6. A method according to any preceding claim, characterised in that a refractory dam (25, 25') is provided extending upwardly from the floor (16, 16') of the vessel (10, 10') so that metal flowing into the cleaning region (B, B') is constrained by the dam to flow upwardly

7. A method according to Claim 6, characterised in that an inert gas is bubbled upwardly through the molten metal (21, 21') in the cleaning region (B, B').

8. A method according to Claim 7, characterised in that the gas emerges from the upper surface of the dam (25).

9. A method according to Claim 7, characterised in that the dam (25') is provided with perforations (25A) through which a proportion of the metal flows and the gas emerges from a source (30) on the floor (16') of the vessel (10') downstream of the dam (25').

10. A molten metal handling vessel (10, 10') comprising an inlet region (A, A') and an outlet region (C, C) for molten metal (21, 21'), characterised in that the vessel (10, 10') has a cleaning region (B, B') between the inlet (A, A') and outlet (C, C) regions and means (14, 14^* and 15, 15') to confine a covering layer of powder (23, 23') on the surface (22, 22') of the molten metal in the cleaning region (B, B').

11. A molten metal handling vessel according to Claim 10, characterised in that the means (14, 14' and 15, 15') is a pair of refractory boards spaced along the length and extending across the width of the vessel (10, 10') to define the cleaning region (B, B') between them.

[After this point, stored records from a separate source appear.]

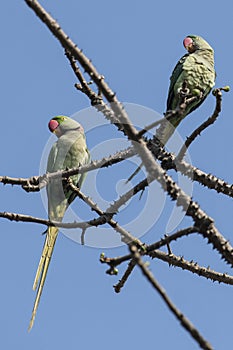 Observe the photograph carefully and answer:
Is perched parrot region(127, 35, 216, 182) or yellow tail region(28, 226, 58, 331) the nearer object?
yellow tail region(28, 226, 58, 331)

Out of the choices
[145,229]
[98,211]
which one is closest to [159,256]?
[98,211]

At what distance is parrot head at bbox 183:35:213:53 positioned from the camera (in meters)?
6.81

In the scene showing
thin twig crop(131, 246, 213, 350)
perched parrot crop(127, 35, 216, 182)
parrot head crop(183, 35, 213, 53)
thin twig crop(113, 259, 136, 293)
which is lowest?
thin twig crop(131, 246, 213, 350)

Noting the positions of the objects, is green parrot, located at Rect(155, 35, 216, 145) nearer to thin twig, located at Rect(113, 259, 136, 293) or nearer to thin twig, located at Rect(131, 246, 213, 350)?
thin twig, located at Rect(113, 259, 136, 293)

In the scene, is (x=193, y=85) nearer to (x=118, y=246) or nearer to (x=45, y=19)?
(x=118, y=246)

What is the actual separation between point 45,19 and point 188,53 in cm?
450

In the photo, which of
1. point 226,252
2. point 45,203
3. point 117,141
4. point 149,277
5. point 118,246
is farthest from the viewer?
point 45,203

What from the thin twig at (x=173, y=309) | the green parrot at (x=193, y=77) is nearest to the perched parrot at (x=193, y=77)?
the green parrot at (x=193, y=77)

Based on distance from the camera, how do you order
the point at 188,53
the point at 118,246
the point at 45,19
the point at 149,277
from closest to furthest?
the point at 149,277
the point at 45,19
the point at 118,246
the point at 188,53

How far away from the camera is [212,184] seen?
396cm

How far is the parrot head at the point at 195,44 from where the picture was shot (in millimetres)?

12. A molten metal handling vessel according to Claim 11, characterised in that the boards (14, 14' and 15, 15') extend from a height in the vessel (10, 10') above the highest level the molten metal (21, 21') is to reach and down towards the floor (16, 16') of the vessel (10, 10') leaving a gap (a, a' and c, c') above the floor for passage of molten metal.

13. A molten metal handling vessel according to Claim 10, 11 or 12, characterised in that a dam (25, 25') extends upwardly from the floor (16, 16') of the vessel (10, 10') in the cleaning region (B, B').

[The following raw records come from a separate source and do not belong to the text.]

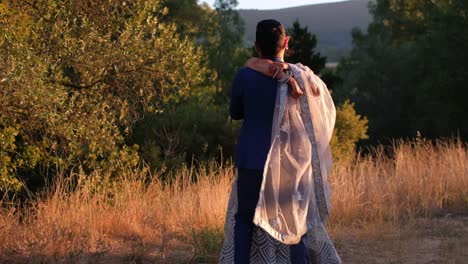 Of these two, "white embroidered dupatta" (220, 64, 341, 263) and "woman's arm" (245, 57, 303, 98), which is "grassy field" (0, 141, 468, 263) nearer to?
Answer: "white embroidered dupatta" (220, 64, 341, 263)

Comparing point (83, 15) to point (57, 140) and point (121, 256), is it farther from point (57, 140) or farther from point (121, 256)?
point (121, 256)

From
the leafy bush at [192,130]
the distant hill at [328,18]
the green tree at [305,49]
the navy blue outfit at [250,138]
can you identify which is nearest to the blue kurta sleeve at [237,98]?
the navy blue outfit at [250,138]

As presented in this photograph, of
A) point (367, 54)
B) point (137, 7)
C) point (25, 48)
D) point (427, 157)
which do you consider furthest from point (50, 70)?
point (367, 54)

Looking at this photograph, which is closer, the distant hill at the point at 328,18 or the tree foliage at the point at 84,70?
the tree foliage at the point at 84,70

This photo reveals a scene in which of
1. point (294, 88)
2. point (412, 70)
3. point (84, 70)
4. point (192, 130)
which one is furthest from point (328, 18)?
point (294, 88)

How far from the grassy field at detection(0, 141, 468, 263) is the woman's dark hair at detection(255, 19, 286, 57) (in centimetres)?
237

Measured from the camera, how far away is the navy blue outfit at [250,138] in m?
4.68

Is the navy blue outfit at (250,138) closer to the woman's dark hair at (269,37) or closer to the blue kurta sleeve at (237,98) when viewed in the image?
the blue kurta sleeve at (237,98)

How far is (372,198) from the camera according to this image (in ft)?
29.5

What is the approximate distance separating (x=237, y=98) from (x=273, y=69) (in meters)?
0.29

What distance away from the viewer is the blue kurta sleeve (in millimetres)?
4695

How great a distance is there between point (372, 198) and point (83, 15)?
12.8 feet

14. A molten metal handling vessel according to any one of Claims 10 to 13, characterised in that a source (26, 30) of inert gas is provided adjacent the floor (16, 16') of the vessel (10, 10').

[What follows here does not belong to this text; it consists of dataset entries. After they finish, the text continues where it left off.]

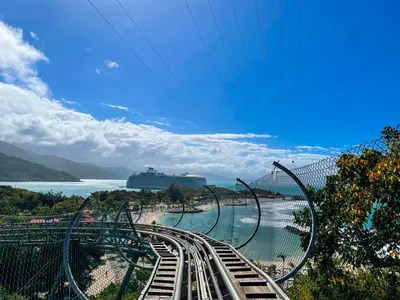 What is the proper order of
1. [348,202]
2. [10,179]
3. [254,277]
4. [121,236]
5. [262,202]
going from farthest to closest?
[10,179]
[121,236]
[262,202]
[348,202]
[254,277]

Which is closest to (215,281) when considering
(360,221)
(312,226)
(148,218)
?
(312,226)

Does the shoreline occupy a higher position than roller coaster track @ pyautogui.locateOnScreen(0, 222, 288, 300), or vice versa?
roller coaster track @ pyautogui.locateOnScreen(0, 222, 288, 300)

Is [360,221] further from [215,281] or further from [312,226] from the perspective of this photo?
[215,281]

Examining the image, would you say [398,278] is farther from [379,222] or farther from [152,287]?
[152,287]

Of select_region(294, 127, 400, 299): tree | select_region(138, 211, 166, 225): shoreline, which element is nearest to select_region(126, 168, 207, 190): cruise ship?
select_region(138, 211, 166, 225): shoreline

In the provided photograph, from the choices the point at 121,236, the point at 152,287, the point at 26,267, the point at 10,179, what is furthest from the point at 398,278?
the point at 10,179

15. A molten metal handling vessel according to Claim 14, characterised in that the source of gas (26) outlets from the dam (25).

16. A molten metal handling vessel according to Claim 15, characterised in that the dam is "L"-shaped and the gas outlets from the base of the "L" on the downstream side of the dam.

17. A molten metal handling vessel according to Claim 13 or 14, characterised in that the dam (25') has perforations (25A) to allow molten metal to pass through.

18. A molten metal handling vessel according to Claim 17, characterised in that the source of gas (30) outlets from the floor (16') of the vessel (10') downstream of the dam (25').

19. A molten metal handling vessel according to any one of Claims 11 to 18, characterised in that the refractory boards (14, 14'. and 15, 15') are provided with nodules (29, 29') on their surfaces facing the cleaning region (B, B').

20. A molten metal handling vessel according to any one of Claims 10 to 19, characterised in that it is a tundish (10, 10') having inlet pouring means (17), an impact pad (18, 18') to receive the incoming metal and an outlet (19') closable by a stopper rod (20) or a slide gate valve.